I didn’t apply to graduate school during my senior year at Wellesley because I couldn’t narrow down my list of interests to focus on something specific. So instead of remaining a student, I became a teacher. In trying to capture the attention and imagination of 13 year old girls, I found myself getting even more excited about my subjects, especially teaching about religion. While religion had been one of my many interests and possible graduate school topics, as I taught about religion, worked on curriculum materials, and talked to other teachers, I discovered an area that I was really passionate about and wanted to keep talking about. Classroom discussions with my students about religious beliefs and rituals, religion in current events, and the big questions asked by religions were fascinating to me, and the insights of the girls were amazing. I wondered: Why didn’t I have this experience when I was in school? Why did so few students have the opportunity to engage with the questions about religion and the world that my students were asking? How could I bring this to other schools and students and help other teachers to teach about this complex and intriguing topic of religion? I found my focus in those middle school classrooms and in trying to find answers to those questions, I became a student again.
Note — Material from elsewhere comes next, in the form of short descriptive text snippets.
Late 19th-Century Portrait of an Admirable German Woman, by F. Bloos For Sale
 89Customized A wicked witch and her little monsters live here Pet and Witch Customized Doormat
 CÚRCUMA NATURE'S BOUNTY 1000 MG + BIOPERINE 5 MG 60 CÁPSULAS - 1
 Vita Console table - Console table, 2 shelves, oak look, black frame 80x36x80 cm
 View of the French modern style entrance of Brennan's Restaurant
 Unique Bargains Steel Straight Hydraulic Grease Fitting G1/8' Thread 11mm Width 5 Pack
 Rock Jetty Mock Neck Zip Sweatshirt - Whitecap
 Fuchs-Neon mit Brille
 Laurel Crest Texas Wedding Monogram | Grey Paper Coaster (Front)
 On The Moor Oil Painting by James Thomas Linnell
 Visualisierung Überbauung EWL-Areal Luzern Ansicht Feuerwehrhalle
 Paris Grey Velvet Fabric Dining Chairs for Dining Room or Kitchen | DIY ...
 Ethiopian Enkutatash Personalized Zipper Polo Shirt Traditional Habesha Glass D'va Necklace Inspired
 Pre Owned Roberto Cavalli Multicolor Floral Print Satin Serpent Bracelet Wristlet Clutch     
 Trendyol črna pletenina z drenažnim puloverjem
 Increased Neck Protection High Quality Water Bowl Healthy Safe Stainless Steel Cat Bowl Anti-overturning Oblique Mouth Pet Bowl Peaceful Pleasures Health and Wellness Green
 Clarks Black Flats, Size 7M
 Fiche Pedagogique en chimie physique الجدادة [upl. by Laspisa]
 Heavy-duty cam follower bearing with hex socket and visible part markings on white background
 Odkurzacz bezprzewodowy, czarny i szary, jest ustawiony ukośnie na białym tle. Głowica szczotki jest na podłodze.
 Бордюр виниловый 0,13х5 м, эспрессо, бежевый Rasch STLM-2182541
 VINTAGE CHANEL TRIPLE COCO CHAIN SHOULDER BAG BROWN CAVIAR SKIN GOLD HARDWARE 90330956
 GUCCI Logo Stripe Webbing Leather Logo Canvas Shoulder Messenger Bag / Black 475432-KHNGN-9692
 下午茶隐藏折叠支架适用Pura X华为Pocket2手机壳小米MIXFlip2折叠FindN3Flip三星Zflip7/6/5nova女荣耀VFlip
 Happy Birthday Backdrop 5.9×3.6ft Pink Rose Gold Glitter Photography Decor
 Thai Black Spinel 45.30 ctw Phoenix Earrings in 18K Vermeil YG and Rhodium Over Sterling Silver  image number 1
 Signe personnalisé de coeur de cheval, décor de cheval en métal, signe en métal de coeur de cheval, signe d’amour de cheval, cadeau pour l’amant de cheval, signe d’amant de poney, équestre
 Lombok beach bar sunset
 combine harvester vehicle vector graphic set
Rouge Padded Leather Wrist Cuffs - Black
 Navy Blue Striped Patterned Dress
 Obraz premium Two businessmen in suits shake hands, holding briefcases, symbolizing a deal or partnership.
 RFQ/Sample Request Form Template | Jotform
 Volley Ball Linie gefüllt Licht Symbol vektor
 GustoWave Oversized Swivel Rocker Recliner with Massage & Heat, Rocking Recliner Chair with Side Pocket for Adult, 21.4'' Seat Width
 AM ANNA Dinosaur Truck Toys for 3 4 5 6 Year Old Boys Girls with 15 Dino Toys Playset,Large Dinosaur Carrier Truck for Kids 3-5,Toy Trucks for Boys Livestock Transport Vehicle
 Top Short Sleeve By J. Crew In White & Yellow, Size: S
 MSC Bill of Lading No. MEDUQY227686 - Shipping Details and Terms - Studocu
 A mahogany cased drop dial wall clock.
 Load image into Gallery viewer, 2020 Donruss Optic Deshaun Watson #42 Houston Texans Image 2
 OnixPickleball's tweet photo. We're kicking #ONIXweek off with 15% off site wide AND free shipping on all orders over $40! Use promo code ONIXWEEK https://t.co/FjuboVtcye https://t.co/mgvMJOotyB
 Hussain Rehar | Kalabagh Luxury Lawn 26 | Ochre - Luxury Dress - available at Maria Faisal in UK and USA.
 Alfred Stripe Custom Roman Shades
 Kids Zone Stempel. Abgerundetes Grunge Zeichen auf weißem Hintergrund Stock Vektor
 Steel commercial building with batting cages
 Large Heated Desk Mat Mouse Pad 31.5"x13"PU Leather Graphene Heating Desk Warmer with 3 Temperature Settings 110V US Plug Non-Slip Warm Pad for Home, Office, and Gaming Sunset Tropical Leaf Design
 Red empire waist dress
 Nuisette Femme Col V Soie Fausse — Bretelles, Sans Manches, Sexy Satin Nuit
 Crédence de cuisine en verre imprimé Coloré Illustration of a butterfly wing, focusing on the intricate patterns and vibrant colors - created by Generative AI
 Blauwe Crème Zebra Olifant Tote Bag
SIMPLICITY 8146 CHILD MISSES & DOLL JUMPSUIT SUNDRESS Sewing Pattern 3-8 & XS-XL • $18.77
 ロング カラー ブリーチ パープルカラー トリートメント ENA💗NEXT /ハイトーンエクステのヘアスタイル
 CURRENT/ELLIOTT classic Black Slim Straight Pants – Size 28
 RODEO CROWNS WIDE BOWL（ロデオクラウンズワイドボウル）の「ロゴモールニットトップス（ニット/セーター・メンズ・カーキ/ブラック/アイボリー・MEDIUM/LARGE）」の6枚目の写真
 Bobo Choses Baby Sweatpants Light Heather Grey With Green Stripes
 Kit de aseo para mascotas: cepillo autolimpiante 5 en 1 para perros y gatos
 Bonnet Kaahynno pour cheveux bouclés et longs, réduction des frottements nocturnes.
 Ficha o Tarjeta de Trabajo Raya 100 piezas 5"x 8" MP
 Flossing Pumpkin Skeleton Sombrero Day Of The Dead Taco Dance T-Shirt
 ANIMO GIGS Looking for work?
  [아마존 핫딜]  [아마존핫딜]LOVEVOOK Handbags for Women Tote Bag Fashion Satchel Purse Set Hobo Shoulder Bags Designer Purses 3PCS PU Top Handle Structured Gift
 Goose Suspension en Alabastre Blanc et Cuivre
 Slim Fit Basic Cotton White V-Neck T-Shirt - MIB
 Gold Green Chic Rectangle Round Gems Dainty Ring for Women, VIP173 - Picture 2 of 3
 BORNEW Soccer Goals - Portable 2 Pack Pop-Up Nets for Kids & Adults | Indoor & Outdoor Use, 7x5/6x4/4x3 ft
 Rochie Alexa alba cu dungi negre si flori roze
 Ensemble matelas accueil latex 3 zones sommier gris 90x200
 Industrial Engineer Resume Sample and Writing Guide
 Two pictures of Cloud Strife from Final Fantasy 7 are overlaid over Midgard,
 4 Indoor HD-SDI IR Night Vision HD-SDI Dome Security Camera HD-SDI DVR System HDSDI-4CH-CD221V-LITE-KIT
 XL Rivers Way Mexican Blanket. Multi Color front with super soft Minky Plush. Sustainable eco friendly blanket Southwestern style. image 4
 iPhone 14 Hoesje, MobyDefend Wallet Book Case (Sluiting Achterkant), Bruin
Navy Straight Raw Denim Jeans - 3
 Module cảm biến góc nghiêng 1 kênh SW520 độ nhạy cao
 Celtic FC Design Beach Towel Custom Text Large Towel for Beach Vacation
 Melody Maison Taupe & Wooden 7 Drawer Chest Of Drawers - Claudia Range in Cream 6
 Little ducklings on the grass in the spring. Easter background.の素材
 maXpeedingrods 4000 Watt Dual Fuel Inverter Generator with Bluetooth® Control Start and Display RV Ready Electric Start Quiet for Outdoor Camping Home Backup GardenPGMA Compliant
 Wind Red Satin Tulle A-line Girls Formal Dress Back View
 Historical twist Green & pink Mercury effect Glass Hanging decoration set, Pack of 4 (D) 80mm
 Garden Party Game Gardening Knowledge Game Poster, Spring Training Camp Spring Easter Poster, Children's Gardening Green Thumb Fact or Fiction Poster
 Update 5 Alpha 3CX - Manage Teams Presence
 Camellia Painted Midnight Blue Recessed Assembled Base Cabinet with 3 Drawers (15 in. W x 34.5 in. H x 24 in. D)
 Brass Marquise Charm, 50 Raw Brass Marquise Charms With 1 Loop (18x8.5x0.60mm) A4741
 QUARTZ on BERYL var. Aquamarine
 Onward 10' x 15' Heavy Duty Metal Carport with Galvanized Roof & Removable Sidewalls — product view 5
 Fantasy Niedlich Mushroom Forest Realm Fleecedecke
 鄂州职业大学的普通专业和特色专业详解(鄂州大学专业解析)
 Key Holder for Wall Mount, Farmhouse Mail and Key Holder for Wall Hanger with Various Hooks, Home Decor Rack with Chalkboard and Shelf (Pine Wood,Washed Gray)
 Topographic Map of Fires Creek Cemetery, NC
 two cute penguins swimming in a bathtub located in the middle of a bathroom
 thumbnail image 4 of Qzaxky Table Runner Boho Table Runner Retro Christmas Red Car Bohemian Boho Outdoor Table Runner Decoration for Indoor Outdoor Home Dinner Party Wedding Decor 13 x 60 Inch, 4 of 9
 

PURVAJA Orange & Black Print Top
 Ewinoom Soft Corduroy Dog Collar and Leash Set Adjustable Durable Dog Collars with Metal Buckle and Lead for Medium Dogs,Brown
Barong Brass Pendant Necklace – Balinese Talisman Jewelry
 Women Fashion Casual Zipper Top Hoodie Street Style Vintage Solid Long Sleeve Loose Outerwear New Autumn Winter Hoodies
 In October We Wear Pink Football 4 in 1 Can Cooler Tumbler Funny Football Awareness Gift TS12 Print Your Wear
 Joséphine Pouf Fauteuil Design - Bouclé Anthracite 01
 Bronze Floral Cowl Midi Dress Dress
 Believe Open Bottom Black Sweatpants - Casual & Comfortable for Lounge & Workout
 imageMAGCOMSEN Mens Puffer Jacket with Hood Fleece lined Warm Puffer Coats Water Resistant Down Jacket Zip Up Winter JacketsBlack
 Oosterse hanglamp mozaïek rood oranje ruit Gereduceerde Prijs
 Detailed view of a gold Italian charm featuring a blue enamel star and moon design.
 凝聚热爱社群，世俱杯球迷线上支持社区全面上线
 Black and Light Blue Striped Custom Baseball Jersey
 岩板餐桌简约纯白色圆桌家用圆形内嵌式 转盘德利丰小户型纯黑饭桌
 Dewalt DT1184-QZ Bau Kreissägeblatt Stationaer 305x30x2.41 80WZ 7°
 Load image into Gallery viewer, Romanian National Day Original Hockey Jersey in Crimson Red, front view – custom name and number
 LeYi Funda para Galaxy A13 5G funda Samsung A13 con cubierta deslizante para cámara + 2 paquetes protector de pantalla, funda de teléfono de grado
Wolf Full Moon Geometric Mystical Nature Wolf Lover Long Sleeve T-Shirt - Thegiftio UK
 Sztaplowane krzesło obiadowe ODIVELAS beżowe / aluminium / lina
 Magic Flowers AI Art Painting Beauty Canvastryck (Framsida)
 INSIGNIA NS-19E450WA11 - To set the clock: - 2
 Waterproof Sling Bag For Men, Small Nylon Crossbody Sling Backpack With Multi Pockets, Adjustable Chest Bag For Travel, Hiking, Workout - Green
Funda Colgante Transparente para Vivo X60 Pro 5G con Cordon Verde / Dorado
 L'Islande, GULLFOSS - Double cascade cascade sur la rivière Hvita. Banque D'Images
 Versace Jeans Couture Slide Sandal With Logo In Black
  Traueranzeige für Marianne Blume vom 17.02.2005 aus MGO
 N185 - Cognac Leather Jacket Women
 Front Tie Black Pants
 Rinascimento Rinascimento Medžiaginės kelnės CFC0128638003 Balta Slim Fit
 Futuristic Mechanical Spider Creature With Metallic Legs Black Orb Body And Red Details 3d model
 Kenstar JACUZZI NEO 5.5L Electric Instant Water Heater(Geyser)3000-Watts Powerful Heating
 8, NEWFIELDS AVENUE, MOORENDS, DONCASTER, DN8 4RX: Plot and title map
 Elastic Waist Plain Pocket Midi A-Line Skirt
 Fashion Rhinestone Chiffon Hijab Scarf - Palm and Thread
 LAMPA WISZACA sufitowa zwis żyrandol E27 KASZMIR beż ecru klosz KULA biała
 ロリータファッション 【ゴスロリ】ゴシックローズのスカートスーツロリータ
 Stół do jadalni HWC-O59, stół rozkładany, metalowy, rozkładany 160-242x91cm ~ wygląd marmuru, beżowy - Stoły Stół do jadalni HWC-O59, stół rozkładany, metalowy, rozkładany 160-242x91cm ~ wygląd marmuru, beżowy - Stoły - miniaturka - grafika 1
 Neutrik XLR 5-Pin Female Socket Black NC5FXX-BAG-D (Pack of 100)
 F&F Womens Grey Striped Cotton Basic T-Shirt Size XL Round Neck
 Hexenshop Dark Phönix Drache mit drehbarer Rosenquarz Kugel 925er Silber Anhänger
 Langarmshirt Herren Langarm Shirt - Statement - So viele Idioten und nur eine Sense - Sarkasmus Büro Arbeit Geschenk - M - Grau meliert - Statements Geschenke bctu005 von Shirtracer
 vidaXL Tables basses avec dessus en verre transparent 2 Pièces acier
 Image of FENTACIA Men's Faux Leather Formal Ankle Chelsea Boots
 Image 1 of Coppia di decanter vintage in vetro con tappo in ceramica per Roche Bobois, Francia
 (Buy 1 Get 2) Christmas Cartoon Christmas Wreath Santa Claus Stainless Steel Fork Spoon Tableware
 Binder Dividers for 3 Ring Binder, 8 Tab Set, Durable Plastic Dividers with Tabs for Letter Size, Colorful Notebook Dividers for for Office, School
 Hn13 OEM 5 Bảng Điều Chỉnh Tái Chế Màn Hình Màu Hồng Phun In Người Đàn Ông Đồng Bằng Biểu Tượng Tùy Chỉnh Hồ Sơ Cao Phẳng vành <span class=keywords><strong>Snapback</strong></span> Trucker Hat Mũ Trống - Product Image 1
I now have the opportunity to spend my days with other people who are as interested and enthusiastic about many of the same things as I am and are willing to engage in those questions with me. Being at the BU School of Theology has given me the chance to explore how religion provides people with ways of knowing about the world. Studying theology for me has been more about discovering questions and new ways of asking questions than about finding answers. My academic and career goals are slightly different from many of my classmates who will go into some type of ministry. But, working with people who are concerned with the religious and spiritual lives of people has been helpful as I develop my approach to teaching about religion in a neutral way to secondary school students.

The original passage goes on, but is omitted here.